Genotypic distribution of HHV-8 in AIDS individuals without and with Kaposi sarcoma
Medicine, 2016
AIDS-associated Kaposi's sarcoma (AIDS-KS) caused by human herpes virus 8 (HHV-8) is the most severe and resistant form of KS tumor. Our aim was to verify whether there is an association between HHV-8 variability and development of AIDS-KS in Brazil by comparing the HHV-8 variability between individuals without and with KS. Saliva samples and blood, when available, were analyzed by PCR techniques for detection of the fragments of ORF K1 of HHV-8, which were then genotyped and analyzed regarding the genetic variability. Our study described 106 positive cases for HHV-8 in the saliva from 751 AIDS patients without previous KS. In addition, we performed a phylogenetic analysis of HHV-8 in 34 of the 106 AIDS patients without KS and in 33 of the 37 patients with active KS. The distribution of HHV-8 genotypes A, B, C, and F in AIDS individuals was indistinguishable by comparing non-KS and KS groups, as well as regarding ethnicity. Considering the KS group, genotype B was associated with better prognosis of KS tumor.

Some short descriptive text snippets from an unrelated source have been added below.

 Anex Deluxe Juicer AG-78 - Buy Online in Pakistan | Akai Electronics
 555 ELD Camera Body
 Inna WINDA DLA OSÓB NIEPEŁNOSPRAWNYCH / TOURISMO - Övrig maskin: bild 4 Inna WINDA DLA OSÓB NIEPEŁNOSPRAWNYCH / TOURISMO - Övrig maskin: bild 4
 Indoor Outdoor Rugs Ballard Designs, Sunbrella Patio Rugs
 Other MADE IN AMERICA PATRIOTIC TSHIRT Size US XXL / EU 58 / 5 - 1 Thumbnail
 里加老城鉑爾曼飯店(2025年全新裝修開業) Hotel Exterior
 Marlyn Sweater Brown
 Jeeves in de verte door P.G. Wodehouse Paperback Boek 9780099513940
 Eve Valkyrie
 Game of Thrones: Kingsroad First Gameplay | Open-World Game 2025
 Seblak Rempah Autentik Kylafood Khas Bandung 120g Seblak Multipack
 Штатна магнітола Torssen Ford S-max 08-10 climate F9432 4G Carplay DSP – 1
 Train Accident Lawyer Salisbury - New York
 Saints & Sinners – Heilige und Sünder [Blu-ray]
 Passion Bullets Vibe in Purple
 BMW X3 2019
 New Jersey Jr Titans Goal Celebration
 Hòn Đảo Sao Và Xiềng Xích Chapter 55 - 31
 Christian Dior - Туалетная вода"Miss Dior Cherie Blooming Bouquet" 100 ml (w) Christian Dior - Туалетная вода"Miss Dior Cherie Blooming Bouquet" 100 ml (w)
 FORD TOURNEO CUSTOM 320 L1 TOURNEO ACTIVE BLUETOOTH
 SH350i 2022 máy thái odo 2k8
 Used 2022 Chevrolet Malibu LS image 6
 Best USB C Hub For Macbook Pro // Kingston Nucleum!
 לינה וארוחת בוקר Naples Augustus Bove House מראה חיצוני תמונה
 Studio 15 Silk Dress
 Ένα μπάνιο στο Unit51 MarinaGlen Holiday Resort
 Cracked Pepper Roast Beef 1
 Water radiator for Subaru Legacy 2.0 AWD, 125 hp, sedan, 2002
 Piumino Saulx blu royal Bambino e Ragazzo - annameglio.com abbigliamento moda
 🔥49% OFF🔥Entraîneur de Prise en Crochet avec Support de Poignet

Interestingly, we found a particular profile of diversity within clade C and 2 recombinant patterns of HHV-8 in the saliva of AIDS individuals without KS. We emphasize the need to achieve standard genotyping protocol for ORF K1 amplification, thus allowing for substantial detection of HHV-8 variants. Our findings can shed light on the role of HHV-8 variability in the pathogenesis of AIDS-KS. Abbreviations: AIDS-KS = acquired immunodeficiency syndrome associated Kaposi's sarcoma, cART = combination antiretroviral therapy, EDTA = ethylene diamine tetra acetic acid, EPA = evolutionary placement algorithm, HHV-8 = human herpesvirus type 8, HIV Tat = Tat protein involved in the replication of immunodeficiency virus type 1, IFA = immunofluorescence assay, KS = Kaposi's sarcoma, LANA = latency-associated nuclear antigen, ML = maximum likelihood, ORF = open reading frame, PBMCs = peripheral blood mononuclear cells.